# [Problem details]
Copy exactly the lines of the records below, starting at the line that contains "Hockey Dad Fathersday" and continuing through the last line, both included; omit any pictures.

[Scraped caption text data]
■ ■ ■ ■ ■

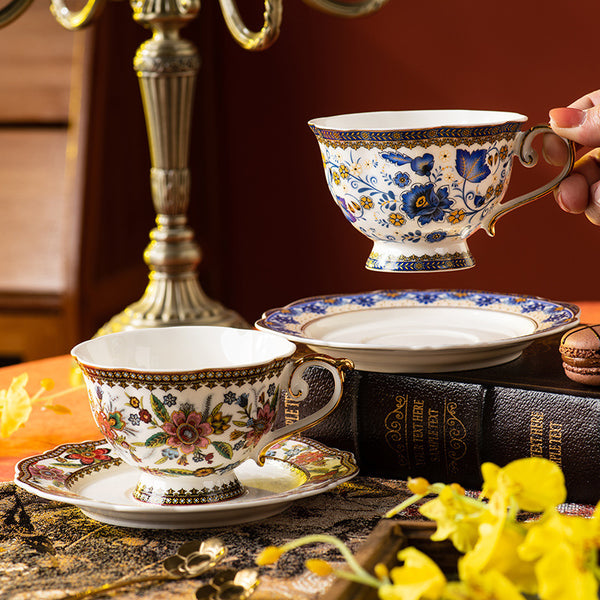 French Coffee Cup Retro Exquisite Ceramic Coffee Set Suit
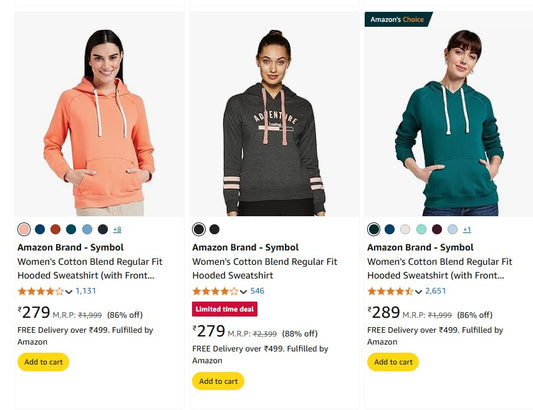 Branded SweaT-Shirt Starts ₹279 (09-12-24)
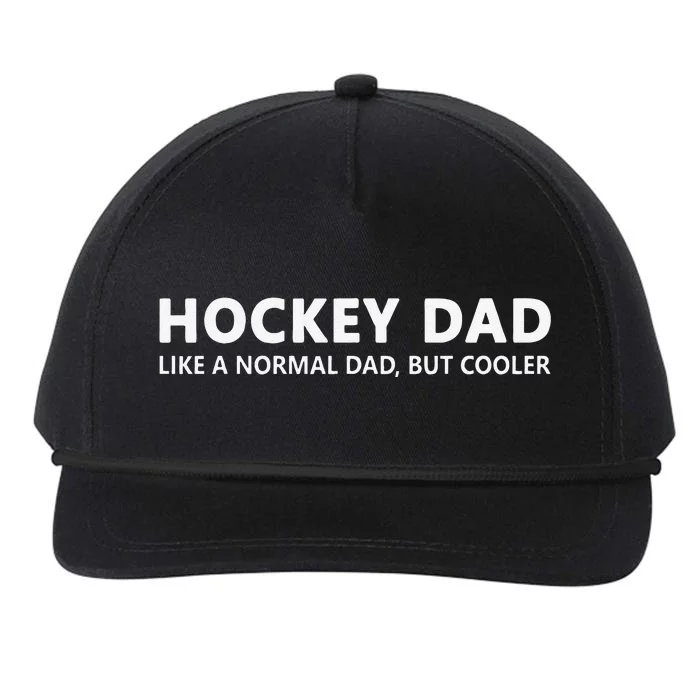 Hockey Dad Fathersday Birthday Ice Hockey Snapback Five-Panel Rope Hat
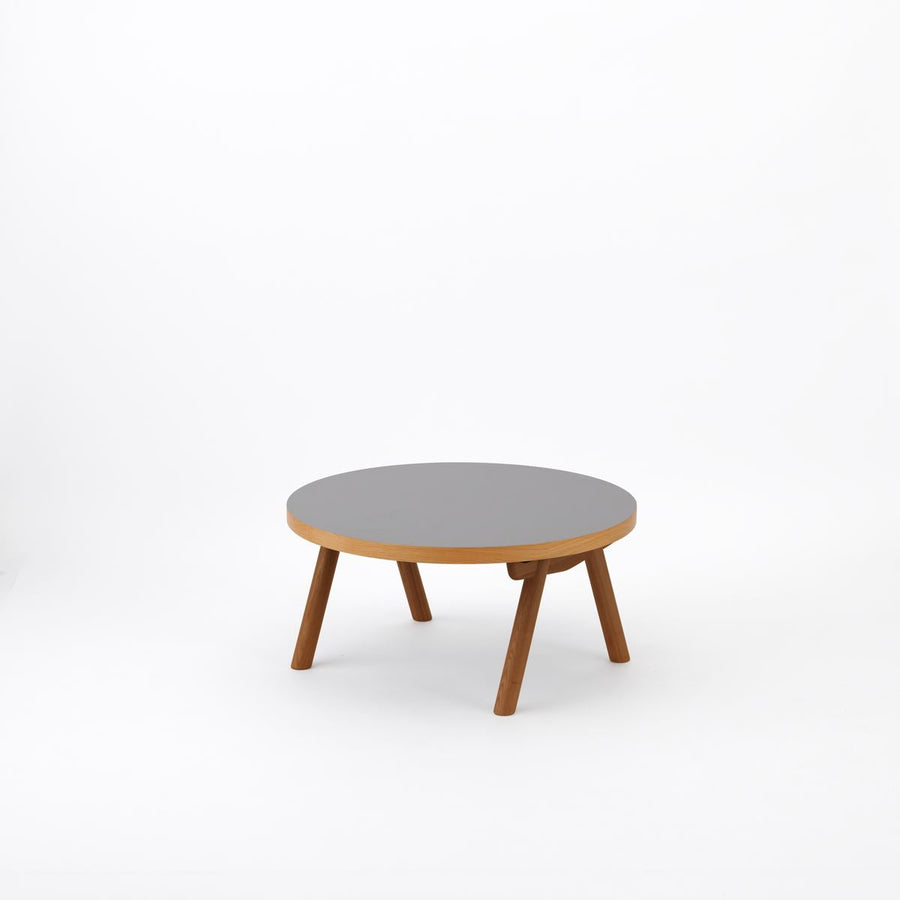 KUUM Living Table Φ850 メラミングレー Wood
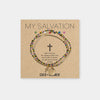 My Salvation Gold Cross Charm Bracelet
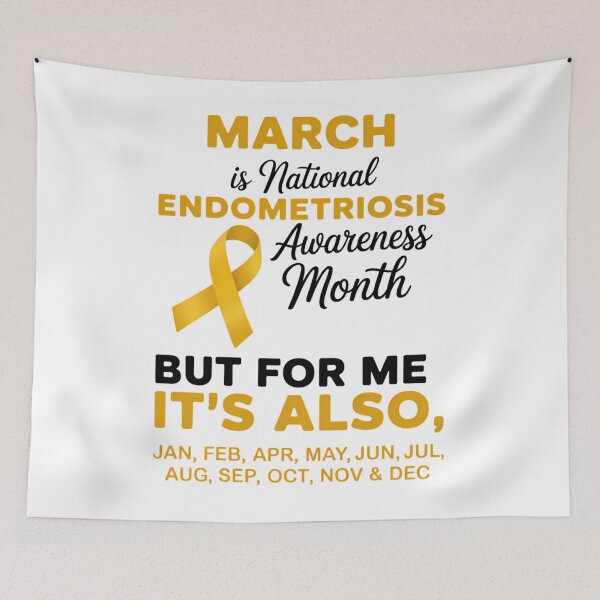 Item preview, Endometriosis Awareness March is National Endometriosis Awareness Month Yellow Ribbon designed and sold by TrinaEspinoza.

■ ■ ■ ■ ■

# [Exercise response]
 Hockey Dad Fathersday Birthday Ice Hockey Snapback Five-Panel Rope Hat
 KUUM Living Table Φ850 メラミングレー Wood
 My Salvation Gold Cross Charm Bracelet
 Item preview, Endometriosis Awareness March is National Endometriosis Awareness Month Yellow Ribbon designed and sold by TrinaEspinoza.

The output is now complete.